>>>>>

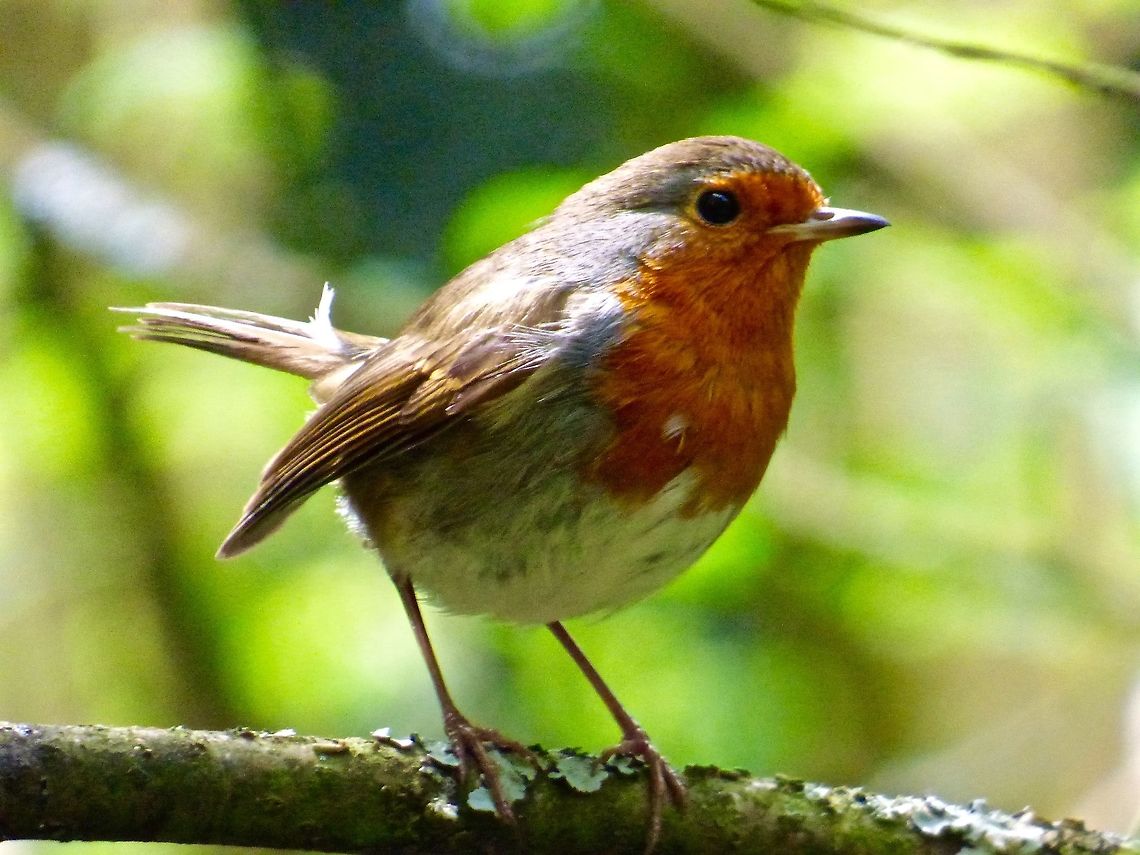 Robin A Robin checking me out at Stowe Landscape Gardens, UK Erithacus rubecula,European Robin,Geotagged,Spring,United Kingdom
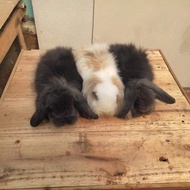 Sepasang Anakan Kelinci Rabbit Bunny FuzzyLOP Hidup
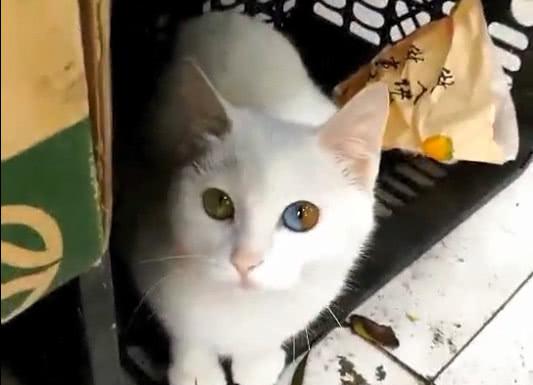 迷死人!这样一只瞳孔异色的猫咪,竟然能在街边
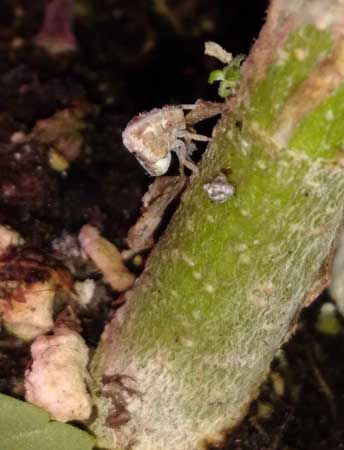 Example of a planthopper larva on a cannabis plant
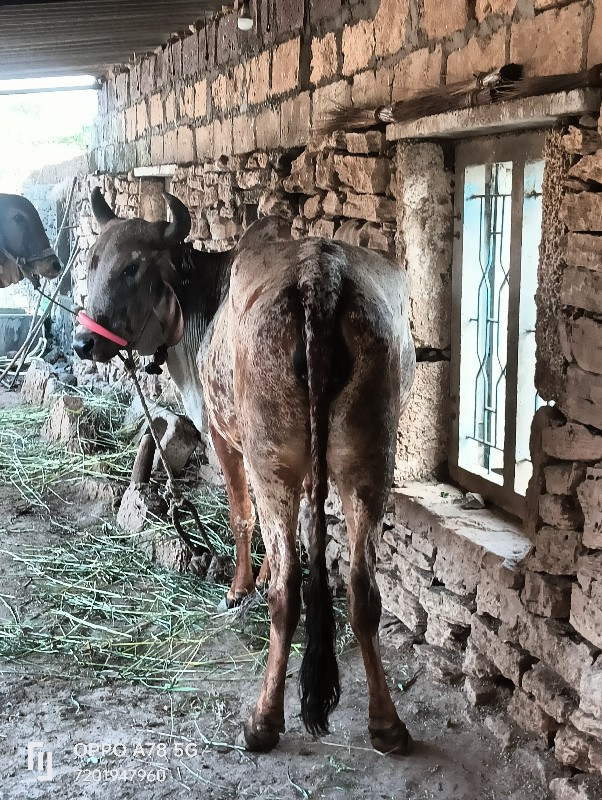 ગાય વેચવાની છે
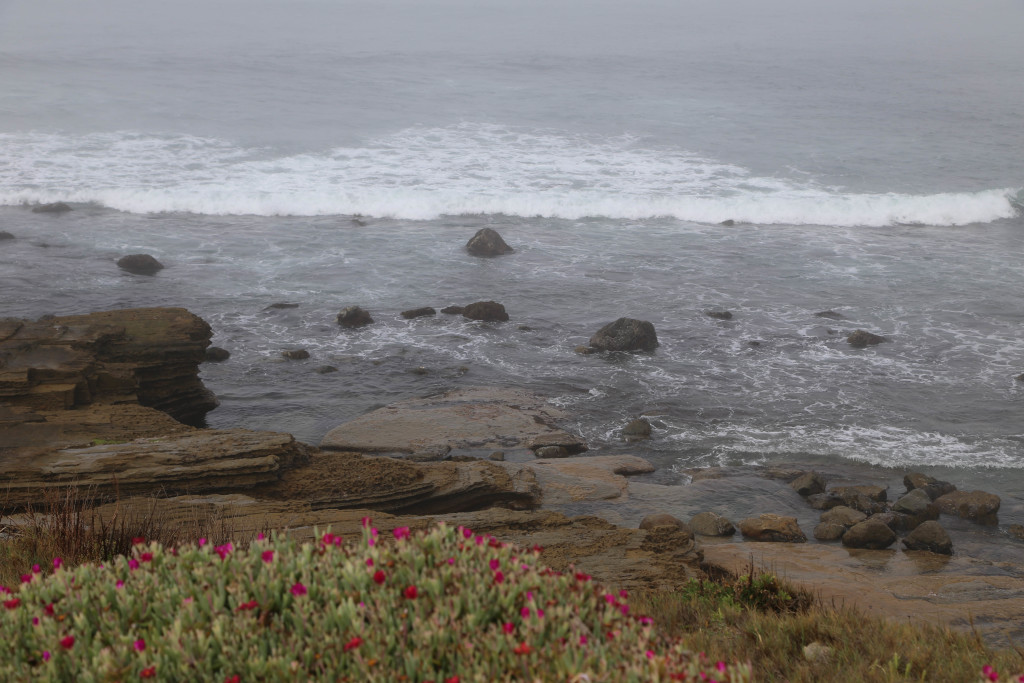 Tidal pool area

<<<<<

# WHAT THIS TASK INVOLVES
Exactly the lines from the top of the listing through the line with "ગાય વેચવાની છે", and no pictures, should be printed.

# ANSWER SPACE
 Robin A Robin checking me out at Stowe Landscape Gardens, UK Erithacus rubecula,European Robin,Geotagged,Spring,United Kingdom
 Sepasang Anakan Kelinci Rabbit Bunny FuzzyLOP Hidup
 迷死人!这样一只瞳孔异色的猫咪,竟然能在街边
 Example of a planthopper larva on a cannabis plant
 ગાય વેચવાની છે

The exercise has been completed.